More can be seen in the tests folder

Input

{
  "name":"Tom A.",
  "age":15
}

Turtle mapfile

The mapfile must also specify the input source path.

  @prefix rr: <http://www.w3.org/ns/r2rml#> .
  @prefix rml: <http://semweb.mmlab.be/ns/rml#> .
  @prefix schema: <http://schema.org/> .
  @prefix ql: <http://semweb.mmlab.be/ns/ql#> .
  @base <http://sti2.at/> . #the base for the classes
  
  
  <#LOGICALSOURCE>
  rml:source "./tests/straightMapping/input.json";
  rml:referenceFormulation ql:JSONPath;
  rml:iterator "$".
  
  
  <#Mapping>
  rml:logicalSource <#LOGICALSOURCE>;
  
   rr:subjectMap [
      rr:termType rr:BlankNode;
      rr:class schema:Person;
   ];
  
  
  rr:predicateObjectMap [
      rr:predicate schema:name;
      rr:objectMap [ rml:reference "name" ];
  ];
  
  rr:predicateObjectMap [
      rr:predicate schema:age;
      rr:objectMap [ rml:reference "age" ];
  ].

Output

[{
  "@type": "http://schema.org/Person",
  "http://schema.org/name": "Tom A.",
  "http://schema.org/age": 15
}]

Functions:

To fit our needs, we also had to implement the functionality to programmatically evaluate data during the predicateObjectMap.
Therefore, we also allow the user to write use javascript functions, they defined beforehand and passes through the options parameter.
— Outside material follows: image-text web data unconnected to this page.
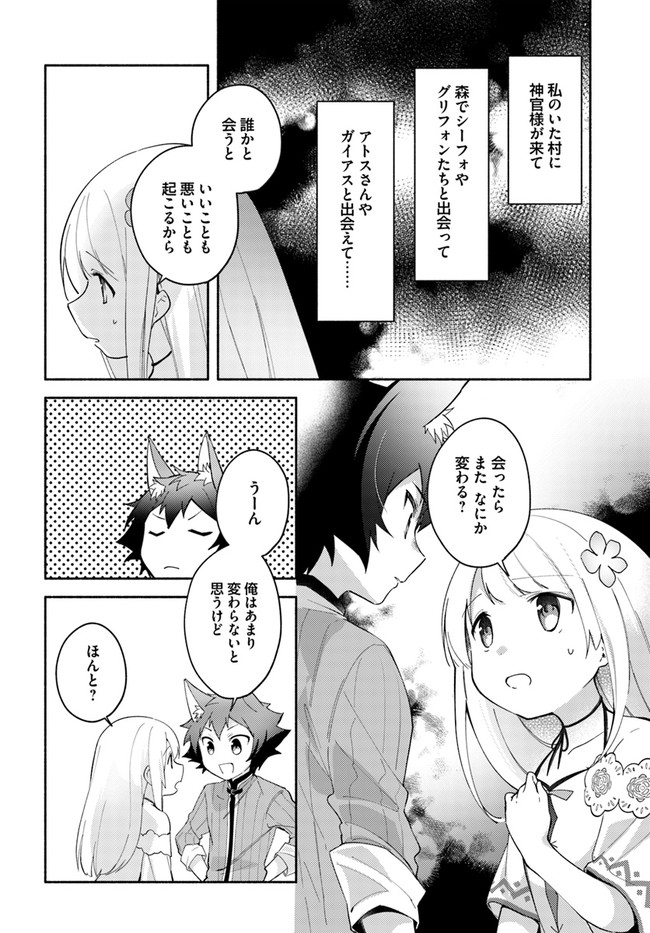 双子の姉が神子として引き取られて、私は捨てられたけど多分私が神子である。 第7.2話 - Trang 2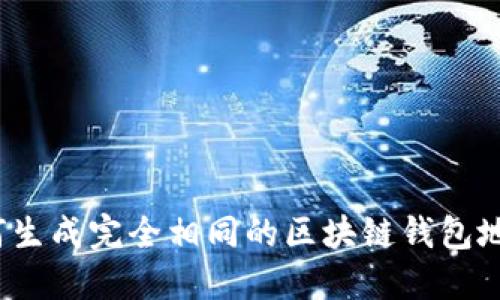 如何生成完全相同的区块链钱包地址？
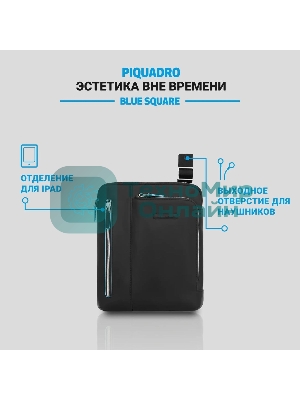 Сумка для ноутбука Piquadro Blue Square CA1816B2/N черный натур.кожа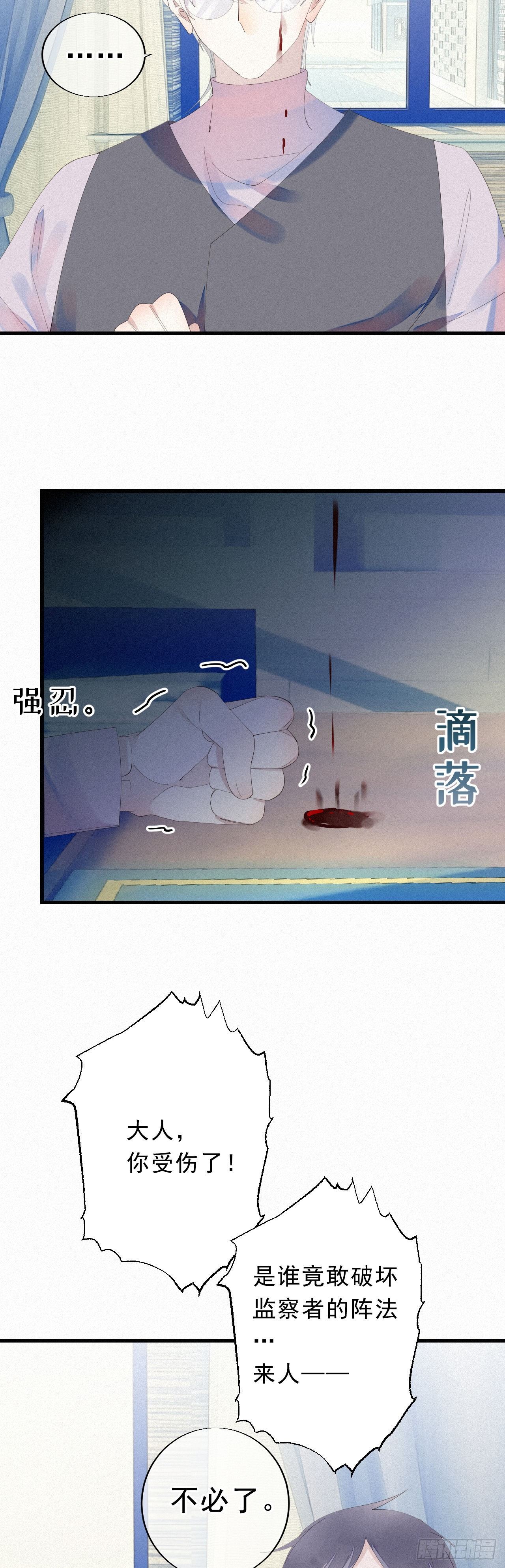 《我捡的流浪猫变成人了？》18.多管闲事的家伙 第27页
An example how this works can be seen below:

Input

{
  "name":"Tom A.",
  "age":15
}

Turtle mapfile

The mapfile must also specify the input source path.

  @prefix rr: <http://www.w3.org/ns/r2rml#> .
  @prefix xsd: <http://www.w3.org/2001/XMLSchema#> .
  @prefix rml: <http://semweb.mmlab.be/ns/rml#> .
  @prefix schema: <http://schema.org/> .
  @prefix ql: <http://semweb.mmlab.be/ns/ql#> .
  @prefix fnml: <http://semweb.mmlab.be/ns/fnml#> .
  @prefix fno: <http://w3id.org/function/ontology#> .
  @prefix grel: <http://users.ugent.be/~bjdmeest/function/grel.ttl#> .
  @base <http://sti2.at/> . #the base for the classes
  
  
  <#LOGICALSOURCE>
  rml:source "./tests/straightMapping/input.json";
  rml:referenceFormulation ql:JSONPath;
  rml:iterator "$".
  
  
  <#Mapping>
  rml:logicalSource <#LOGICALSOURCE>;
  
   rr:subjectMap [
      rr:termType rr:BlankNode;
      rr:class schema:Person;
   ];
  
  
  rr:predicateObjectMap [
      rr:predicate schema:name;
      rr:objectMap [ rml:reference "name" ];
  ];
  
  rr:predicateObjectMap [
      rr:predicate schema:age;
      rr:objectMap [ rml:reference "age" ];
  ];
  
   rr:predicateObjectMap [
        rr:predicate schema:description;
        rr:objectMap  <#FunctionMap>;
    ].
    
    <#FunctionMap>
         fnml:functionValue [
             rml:logicalSource <#LOGICALSOURCE> ;
             rr:predicateObjectMap [
                 rr:predicate fno:executes ;
                 rr:objectMap [ rr:constant grel:createDescription ]
             ] ;
             rr:predicateObjectMap [
                 rr:predicate grel:inputString ;
                 rr:objectMap [ rml:reference "name" ]
             ];
              rr:predicateObjectMap [
                  rr:predicate grel:inputString ;
                  rr:objectMap [ rml:reference "age" ]
              ];
         ] .

where the option parameter looks like this:

  let options={
        functions: {
            'http://users.ugent.be/~bjdmeest/function/grel.ttl#createDescription': function (data) {
                let result=data[0]+' is '+data[1]+ ' years old.'; 
                return result;
                }
            }
        };

Output

[{
  "@type": "http://schema.org/Person",
  "http://schema.org/name": "Tom A.",
  "http://schema.org/age": 15,
  "http://schema.org/description": "Tom A. is 15 years old."
}]

Description

The <#FunctionMap> has an array of predicateObjectMaps. One of them defines the function with fno:executes and the name of the function in rr:constant. The others are for the function parameters. The first parameter (rml:reference:"name") is then stored in data[0], the second in data[1] and so on.